Records excerpted from a collection:

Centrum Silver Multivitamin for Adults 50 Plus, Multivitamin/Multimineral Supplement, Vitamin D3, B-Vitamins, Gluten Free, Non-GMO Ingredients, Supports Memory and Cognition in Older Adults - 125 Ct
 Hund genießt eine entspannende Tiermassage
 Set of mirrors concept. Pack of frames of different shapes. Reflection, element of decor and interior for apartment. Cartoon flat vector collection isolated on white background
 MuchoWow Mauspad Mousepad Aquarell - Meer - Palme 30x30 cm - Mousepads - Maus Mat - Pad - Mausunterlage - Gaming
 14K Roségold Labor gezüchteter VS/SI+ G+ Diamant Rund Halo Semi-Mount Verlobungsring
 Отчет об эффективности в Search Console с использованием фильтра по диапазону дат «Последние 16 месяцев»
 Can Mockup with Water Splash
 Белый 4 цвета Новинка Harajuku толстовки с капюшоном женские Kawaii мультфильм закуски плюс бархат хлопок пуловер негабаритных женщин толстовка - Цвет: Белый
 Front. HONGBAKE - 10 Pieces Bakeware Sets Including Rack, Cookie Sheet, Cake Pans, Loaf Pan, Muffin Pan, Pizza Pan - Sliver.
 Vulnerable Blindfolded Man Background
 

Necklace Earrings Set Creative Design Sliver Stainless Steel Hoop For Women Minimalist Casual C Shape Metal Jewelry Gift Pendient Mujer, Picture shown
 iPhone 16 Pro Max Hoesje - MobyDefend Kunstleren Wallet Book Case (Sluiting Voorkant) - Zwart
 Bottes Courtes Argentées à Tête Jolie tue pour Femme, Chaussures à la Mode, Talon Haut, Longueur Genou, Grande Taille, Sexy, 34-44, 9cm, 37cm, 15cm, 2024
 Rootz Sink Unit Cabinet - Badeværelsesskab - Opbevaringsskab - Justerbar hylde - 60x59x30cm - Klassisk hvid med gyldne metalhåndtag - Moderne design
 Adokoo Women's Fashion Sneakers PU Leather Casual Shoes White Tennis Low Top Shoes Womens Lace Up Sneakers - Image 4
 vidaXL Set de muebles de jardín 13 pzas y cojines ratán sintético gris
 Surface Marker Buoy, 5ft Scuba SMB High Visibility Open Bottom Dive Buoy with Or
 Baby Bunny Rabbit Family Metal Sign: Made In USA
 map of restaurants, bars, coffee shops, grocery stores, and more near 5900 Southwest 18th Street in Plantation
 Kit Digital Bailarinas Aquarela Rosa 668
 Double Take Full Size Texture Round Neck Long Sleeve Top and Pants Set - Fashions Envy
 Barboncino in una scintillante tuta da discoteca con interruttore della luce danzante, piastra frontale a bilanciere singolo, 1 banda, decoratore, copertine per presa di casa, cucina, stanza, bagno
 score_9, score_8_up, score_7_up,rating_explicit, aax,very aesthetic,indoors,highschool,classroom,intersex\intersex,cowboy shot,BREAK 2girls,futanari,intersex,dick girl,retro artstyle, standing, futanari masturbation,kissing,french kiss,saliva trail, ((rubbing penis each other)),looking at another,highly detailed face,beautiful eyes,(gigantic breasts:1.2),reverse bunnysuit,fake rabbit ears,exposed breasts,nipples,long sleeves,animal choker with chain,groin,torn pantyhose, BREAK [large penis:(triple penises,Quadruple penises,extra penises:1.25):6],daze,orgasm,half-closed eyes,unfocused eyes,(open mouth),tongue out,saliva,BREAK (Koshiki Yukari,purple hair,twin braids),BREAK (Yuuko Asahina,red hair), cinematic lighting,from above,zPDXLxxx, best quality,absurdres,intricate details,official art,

▸ TO DO:
Could you reproduce all of the entries above exactly?

▸ SOLUTION TO THE EXERCISE:
Centrum Silver Multivitamin for Adults 50 Plus, Multivitamin/Multimineral Supplement, Vitamin D3, B-Vitamins, Gluten Free, Non-GMO Ingredients, Supports Memory and Cognition in Older Adults - 125 Ct
 Hund genießt eine entspannende Tiermassage
 Set of mirrors concept. Pack of frames of different shapes. Reflection, element of decor and interior for apartment. Cartoon flat vector collection isolated on white background
 MuchoWow Mauspad Mousepad Aquarell - Meer - Palme 30x30 cm - Mousepads - Maus Mat - Pad - Mausunterlage - Gaming
 14K Roségold Labor gezüchteter VS/SI+ G+ Diamant Rund Halo Semi-Mount Verlobungsring
 Отчет об эффективности в Search Console с использованием фильтра по диапазону дат «Последние 16 месяцев»
 Can Mockup with Water Splash
 Белый 4 цвета Новинка Harajuku толстовки с капюшоном женские Kawaii мультфильм закуски плюс бархат хлопок пуловер негабаритных женщин толстовка - Цвет: Белый
 Front. HONGBAKE - 10 Pieces Bakeware Sets Including Rack, Cookie Sheet, Cake Pans, Loaf Pan, Muffin Pan, Pizza Pan - Sliver.
 Vulnerable Blindfolded Man Background
 

Necklace Earrings Set Creative Design Sliver Stainless Steel Hoop For Women Minimalist Casual C Shape Metal Jewelry Gift Pendient Mujer, Picture shown
 iPhone 16 Pro Max Hoesje - MobyDefend Kunstleren Wallet Book Case (Sluiting Voorkant) - Zwart
 Bottes Courtes Argentées à Tête Jolie tue pour Femme, Chaussures à la Mode, Talon Haut, Longueur Genou, Grande Taille, Sexy, 34-44, 9cm, 37cm, 15cm, 2024
 Rootz Sink Unit Cabinet - Badeværelsesskab - Opbevaringsskab - Justerbar hylde - 60x59x30cm - Klassisk hvid med gyldne metalhåndtag - Moderne design
 Adokoo Women's Fashion Sneakers PU Leather Casual Shoes White Tennis Low Top Shoes Womens Lace Up Sneakers - Image 4
 vidaXL Set de muebles de jardín 13 pzas y cojines ratán sintético gris
 Surface Marker Buoy, 5ft Scuba SMB High Visibility Open Bottom Dive Buoy with Or
 Baby Bunny Rabbit Family Metal Sign: Made In USA
 map of restaurants, bars, coffee shops, grocery stores, and more near 5900 Southwest 18th Street in Plantation
 Kit Digital Bailarinas Aquarela Rosa 668
 Double Take Full Size Texture Round Neck Long Sleeve Top and Pants Set - Fashions Envy
 Barboncino in una scintillante tuta da discoteca con interruttore della luce danzante, piastra frontale a bilanciere singolo, 1 banda, decoratore, copertine per presa di casa, cucina, stanza, bagno
 score_9, score_8_up, score_7_up,rating_explicit, aax,very aesthetic,indoors,highschool,classroom,intersex\intersex,cowboy shot,BREAK 2girls,futanari,intersex,dick girl,retro artstyle, standing, futanari masturbation,kissing,french kiss,saliva trail, ((rubbing penis each other)),looking at another,highly detailed face,beautiful eyes,(gigantic breasts:1.2),reverse bunnysuit,fake rabbit ears,exposed breasts,nipples,long sleeves,animal choker with chain,groin,torn pantyhose, BREAK [large penis:(triple penises,Quadruple penises,extra penises:1.25):6],daze,orgasm,half-closed eyes,unfocused eyes,(open mouth),tongue out,saliva,BREAK (Koshiki Yukari,purple hair,twin braids),BREAK (Yuuko Asahina,red hair), cinematic lighting,from above,zPDXLxxx, best quality,absurdres,intricate details,official art,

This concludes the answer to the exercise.